### Exercise input
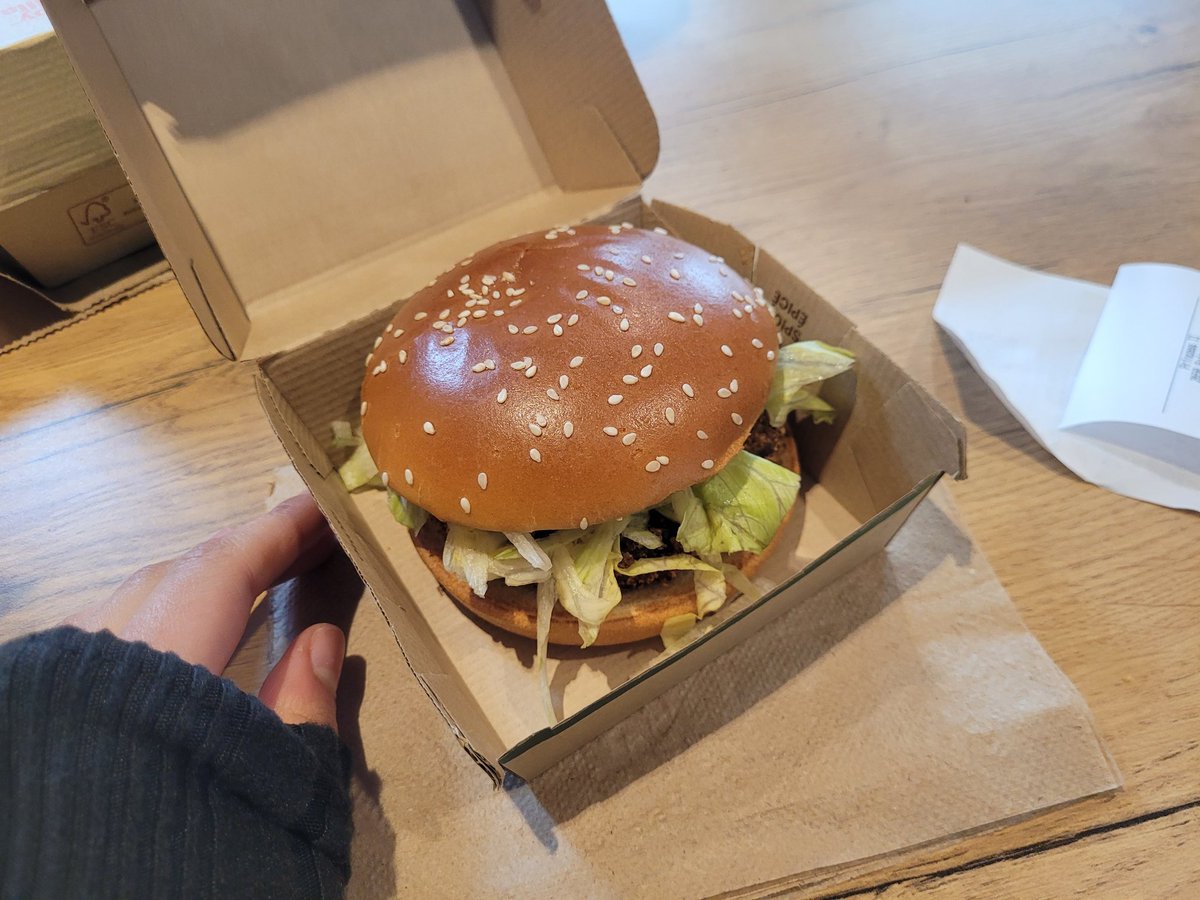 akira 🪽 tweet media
--
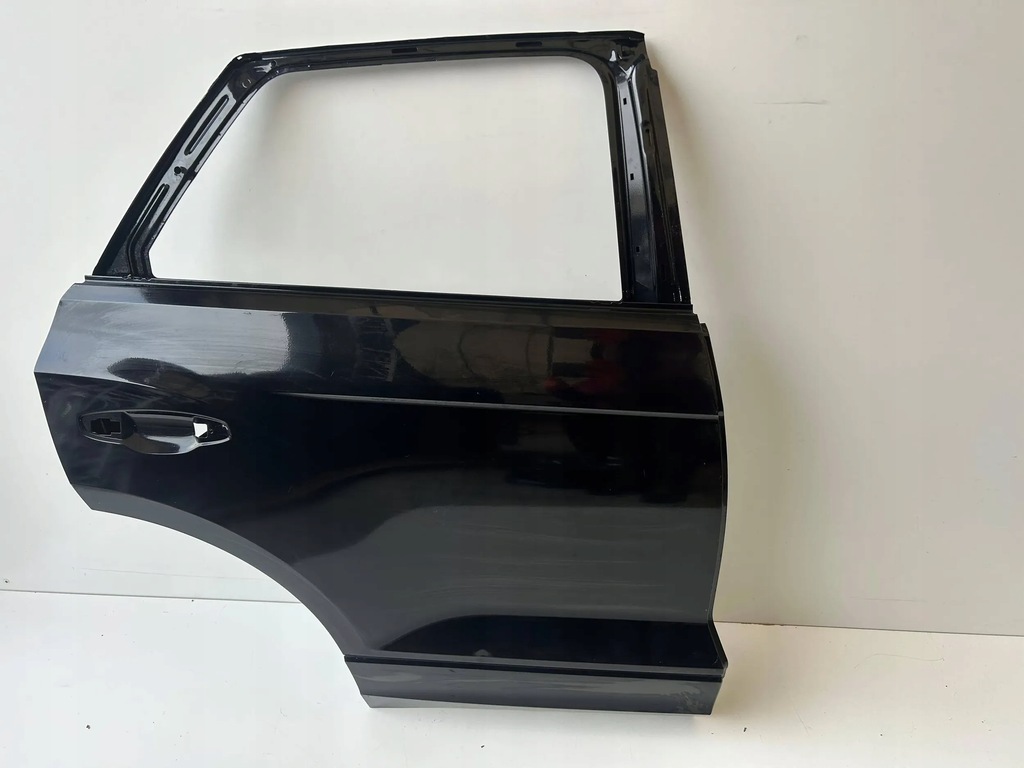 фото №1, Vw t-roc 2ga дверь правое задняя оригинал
---
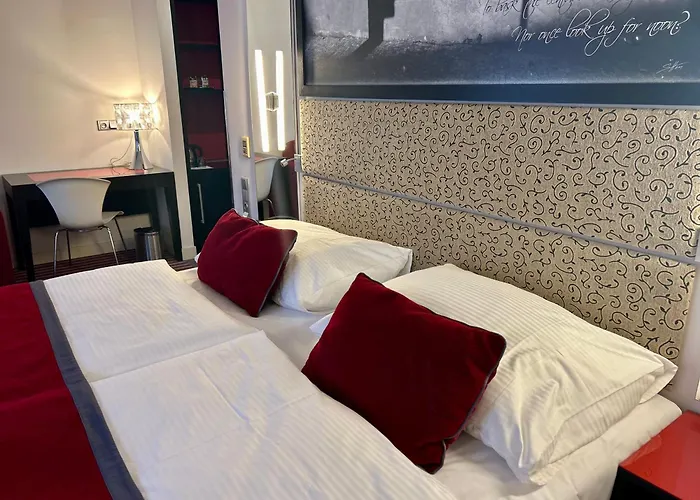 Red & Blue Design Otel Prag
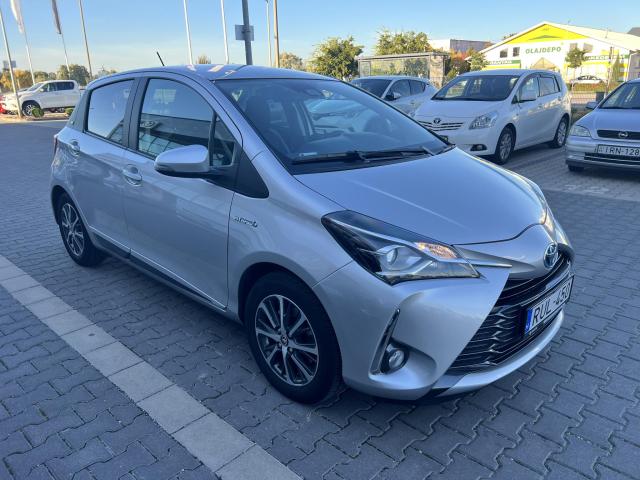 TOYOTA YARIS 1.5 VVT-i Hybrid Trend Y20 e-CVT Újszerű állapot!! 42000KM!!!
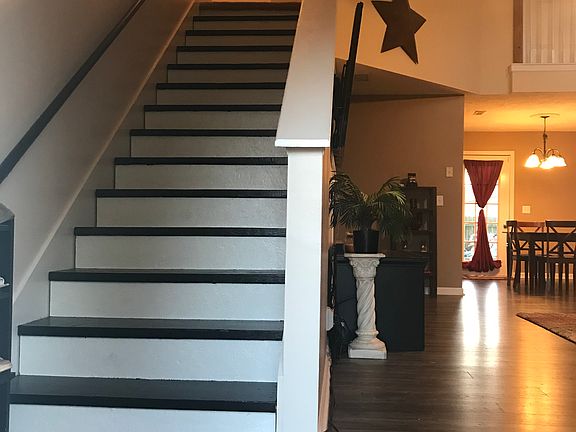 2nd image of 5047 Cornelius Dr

### Your goal
What's needed is an exact copy of the lines above from the one with "Red & Blue Design Otel Prag" through the one with "2nd image of 5047 Cornelius Dr", both included; the pictures stay out.

### Result of this task
 Red & Blue Design Otel Prag
 TOYOTA YARIS 1.5 VVT-i Hybrid Trend Y20 e-CVT Újszerű állapot!! 42000KM!!!
 2nd image of 5047 Cornelius Dr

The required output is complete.